→ WHAT TO WORK ON: Give the listing again exactly, omitting its images.

→ DATA BELOW:
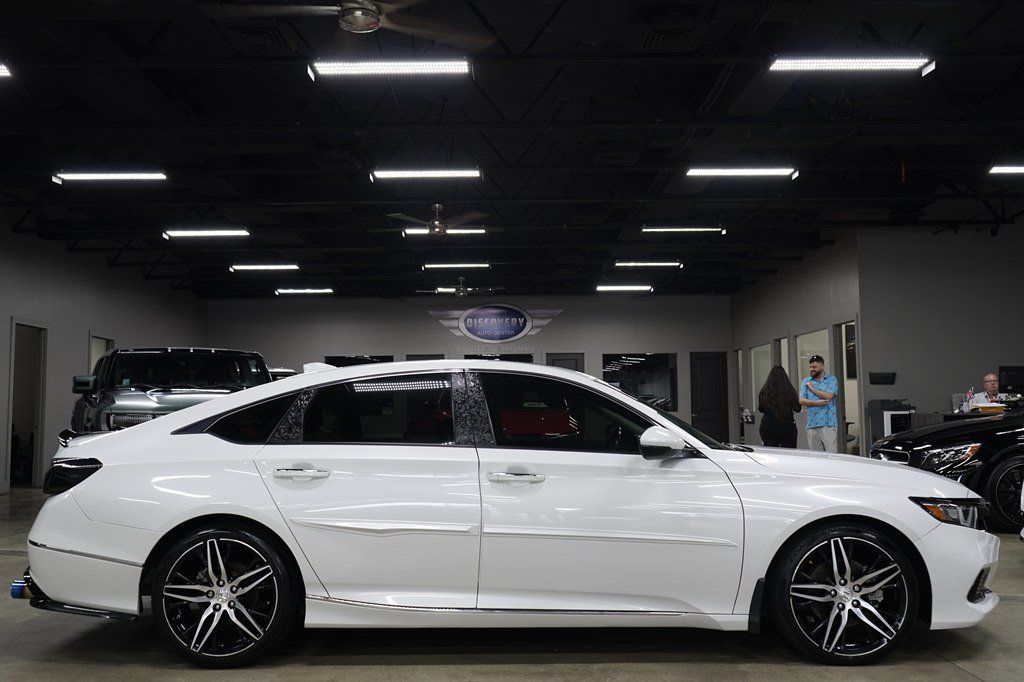 Used 2021 Honda Accord Touring image 6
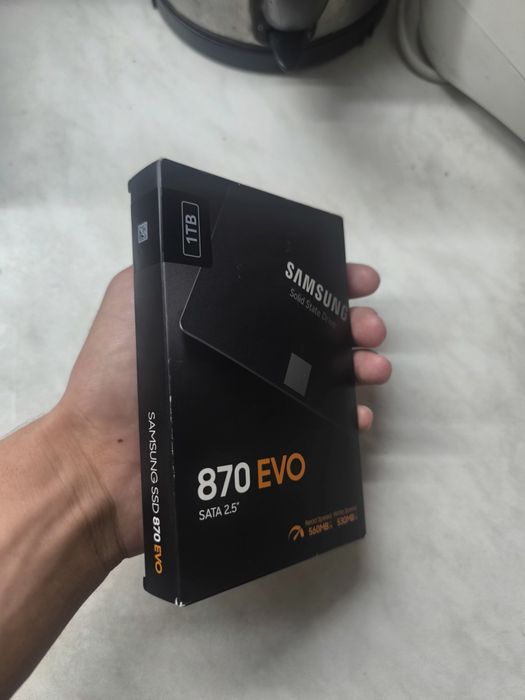 SSD 870EVO 1tb model: MZ-77E1TOB(неотваряно)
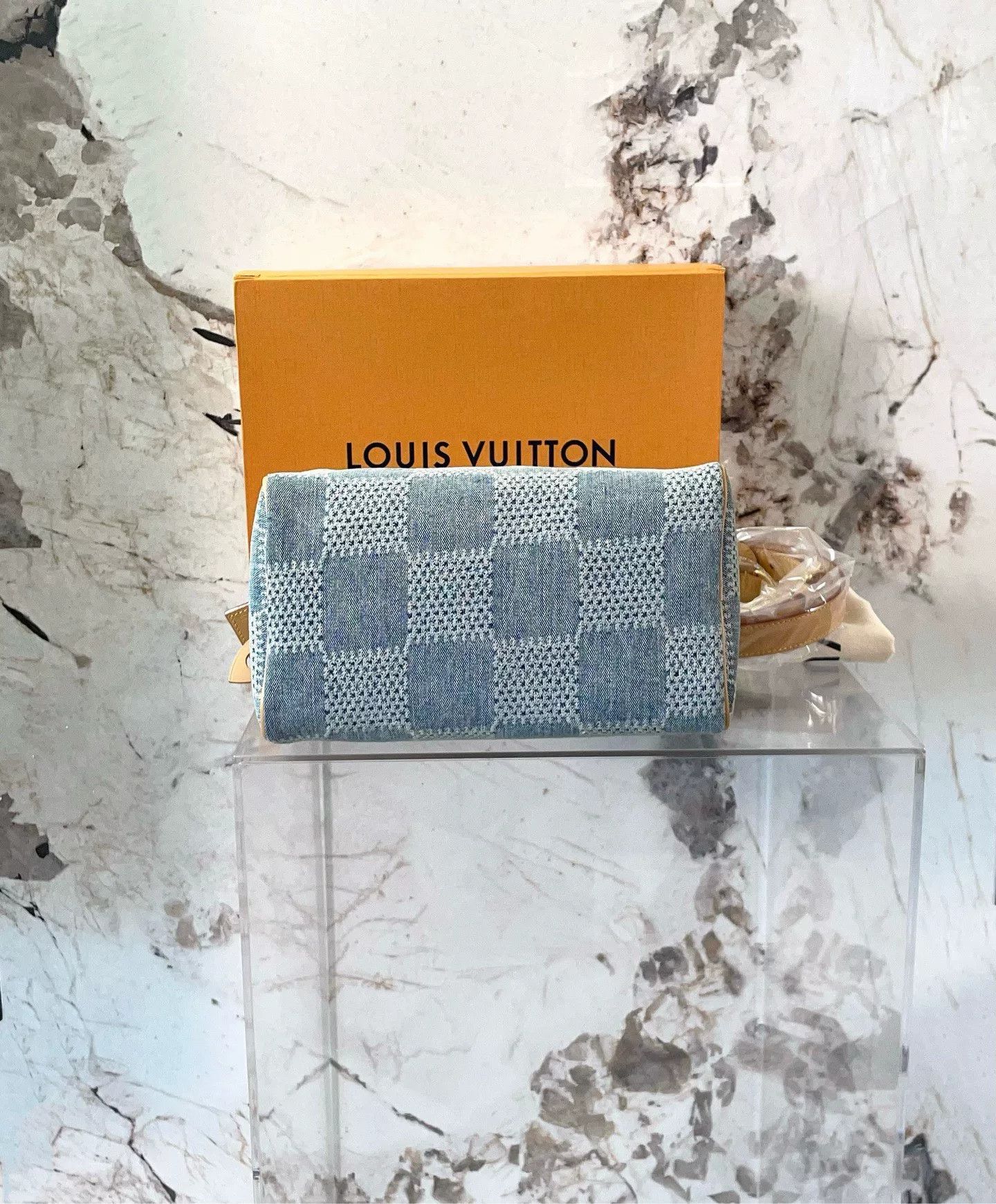 Louis Vuitton Pre-loved Bag Very good condition Size ONE SIZE - 4 Thumbnail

→ REPLY TO THE TASK:
 Used 2021 Honda Accord Touring image 6
 SSD 870EVO 1tb model: MZ-77E1TOB(неотваряно)
 Louis Vuitton Pre-loved Bag Very good condition Size ONE SIZE - 4 Thumbnail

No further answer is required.